Former electoral district
- Created: 1937
- Abolished: 1963
- Seats: List 2 (1949–1953; 1954–1963); 1 (1953–1954); 3 (1937–1949);
- Replaced by: Latakia

= Latakia (Chamber of Deputies electoral district) =

Former electoral district of Syria's national legislature

Latakia (اللاذقية) was an electoral district used to elect members of the Syrian Chamber of Deputies between 1928 and 1963. Latakia was, until 1936, part of Alawite State and thus didn't participate in earlier Syrian parliamentary elections. Following the Alawite State’s incorporation into Syria, the first elections in The electoral district were held in late 1937.
==Electoral system==

Under the 1928 electoral system, Syria adopted its first formal electoral law after the Ottoman period and under the French Mandate. Promulgated by arrêté No. 1889 of High Commissioner Ponsot, the system created a two-tier indirect electoral system. Male citizens over the age of 21 would elect secondary electors, at a ratio of one elector per hundred first-tier voters, who would then elect members of parliament.
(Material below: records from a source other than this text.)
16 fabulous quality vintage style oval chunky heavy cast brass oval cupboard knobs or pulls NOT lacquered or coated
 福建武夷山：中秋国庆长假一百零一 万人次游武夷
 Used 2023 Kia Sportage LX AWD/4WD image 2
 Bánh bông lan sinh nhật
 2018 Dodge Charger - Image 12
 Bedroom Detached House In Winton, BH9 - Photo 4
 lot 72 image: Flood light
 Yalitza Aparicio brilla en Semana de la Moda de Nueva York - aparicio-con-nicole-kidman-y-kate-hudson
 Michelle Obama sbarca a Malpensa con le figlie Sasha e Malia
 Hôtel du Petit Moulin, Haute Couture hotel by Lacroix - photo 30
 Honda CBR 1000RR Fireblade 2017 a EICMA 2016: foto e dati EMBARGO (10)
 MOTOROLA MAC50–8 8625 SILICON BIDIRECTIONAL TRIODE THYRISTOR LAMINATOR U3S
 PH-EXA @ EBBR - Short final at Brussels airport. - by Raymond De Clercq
The number of seats was determined before every election based on the proportional population size of each electoral district, with seats allocated across religious communities according to their numerical share. The system was criticised for entrenching the influence of local notables, elites, and landowners, with limited direct popular participation.

In 1947, the government of Jamil Mardam Bey introduced a new direct electoral system. The system was applied for the first time in the 1947 elections and was amended twice, in 1954 and 1961. It remained in force through the 1961 elections and until the fall of the Second Republic in 1963.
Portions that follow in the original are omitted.